[Records excerpted from a collection]
○ ○ ○ ○ ○

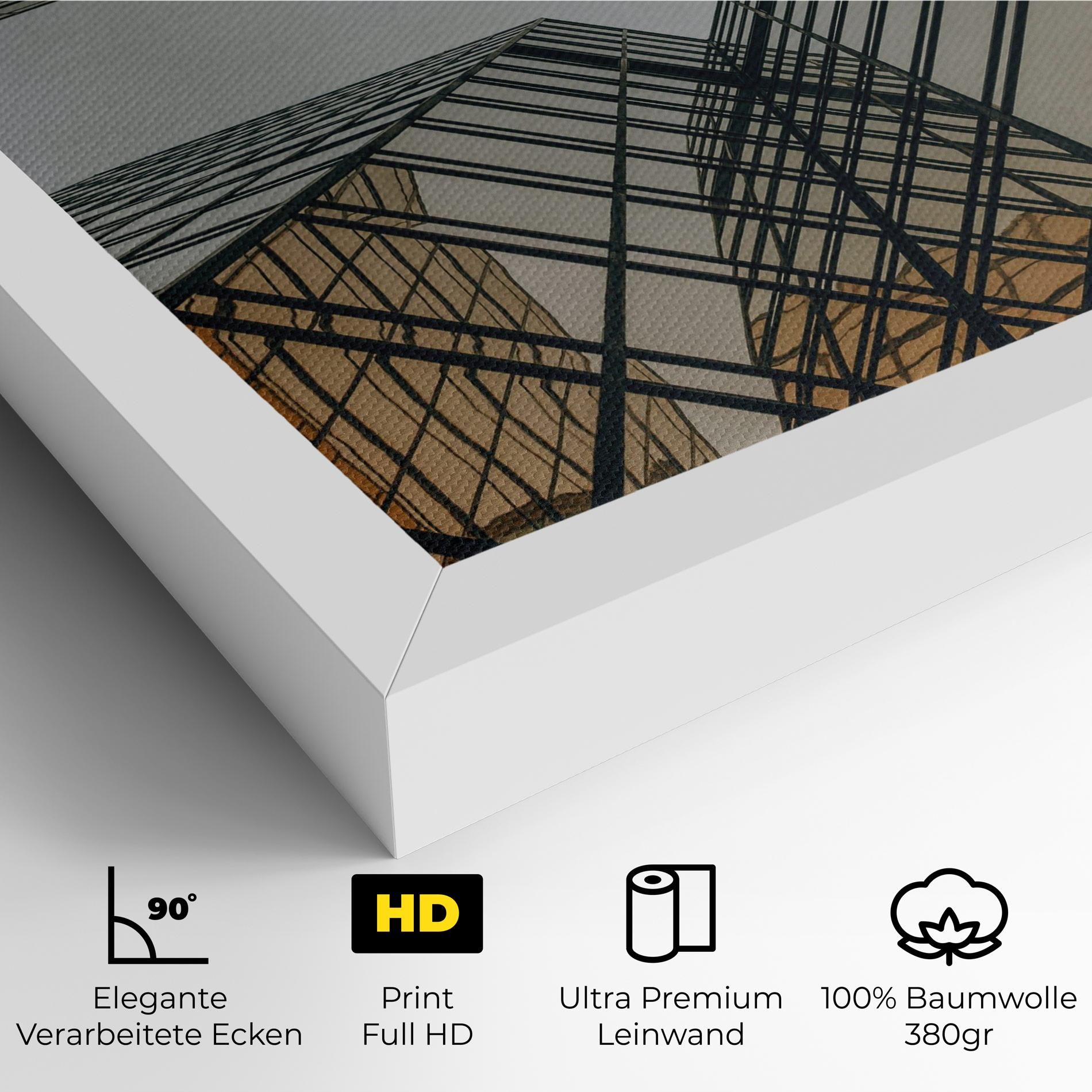 Orange Glass Building mockup 4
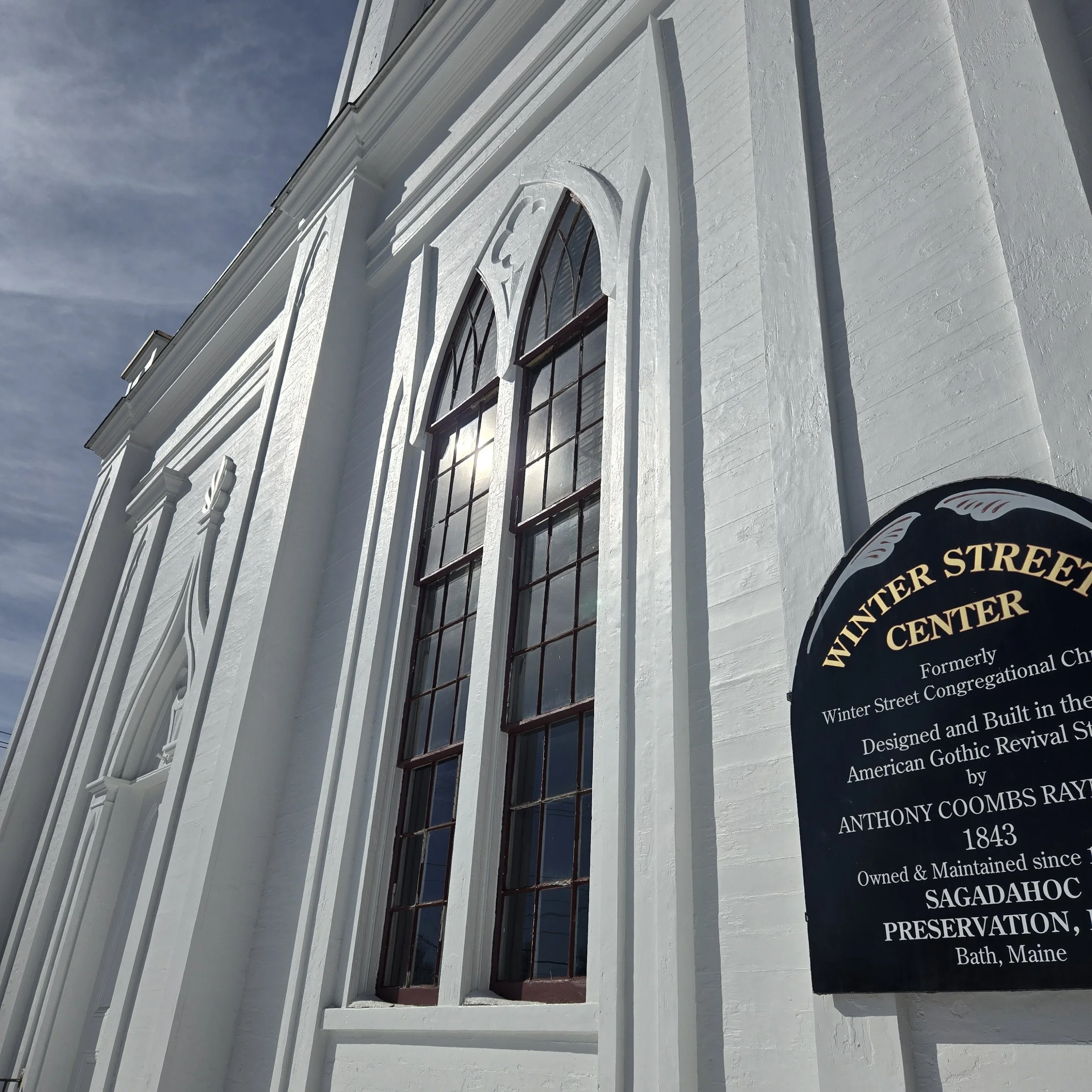 New tiered windows & lourvres thanks 1772 Foundation and White Chapel Joinery.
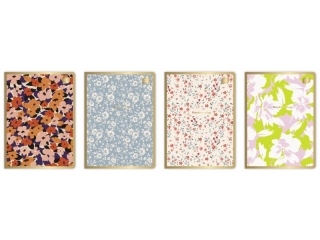 Zeszyt A5 60k. INTERDRUK M 70g Metallic Floral, kratka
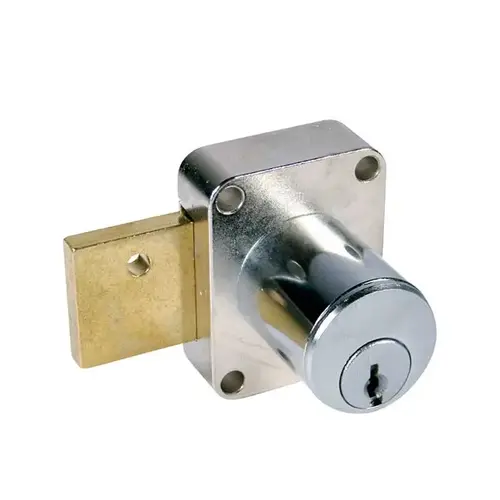 Drawer Lock Satin Chrome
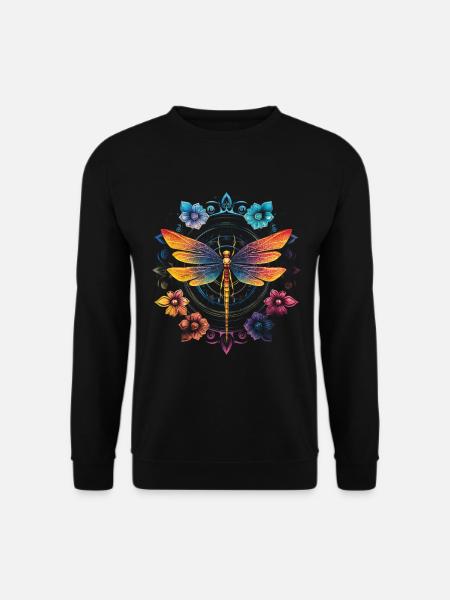 Mandala Chakra Libellule - Sweat-shirt Unisexe - noir
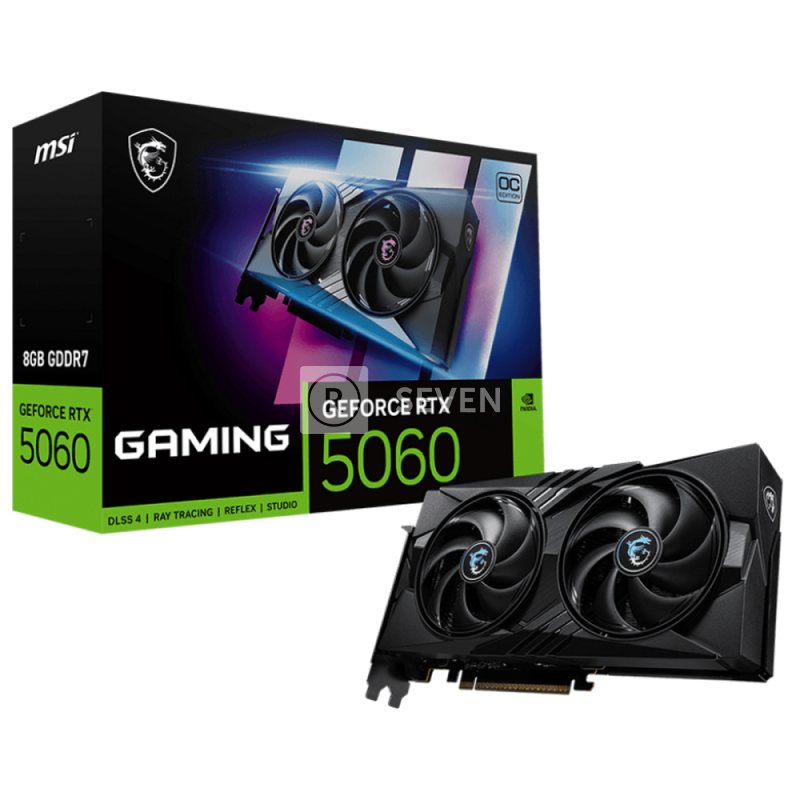 Видеокарта MSI (G5060-8GC) GeForce RTX 5060 8G GAMING OC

○ ○ ○ ○ ○

• [Problem description]: All records should be output exactly, with the pictures left out.

• [Result]:
 Orange Glass Building mockup 4
 New tiered windows & lourvres thanks 1772 Foundation and White Chapel Joinery.
 Zeszyt A5 60k. INTERDRUK M 70g Metallic Floral, kratka
 Drawer Lock Satin Chrome
 Mandala Chakra Libellule - Sweat-shirt Unisexe - noir
 Видеокарта MSI (G5060-8GC) GeForce RTX 5060 8G GAMING OC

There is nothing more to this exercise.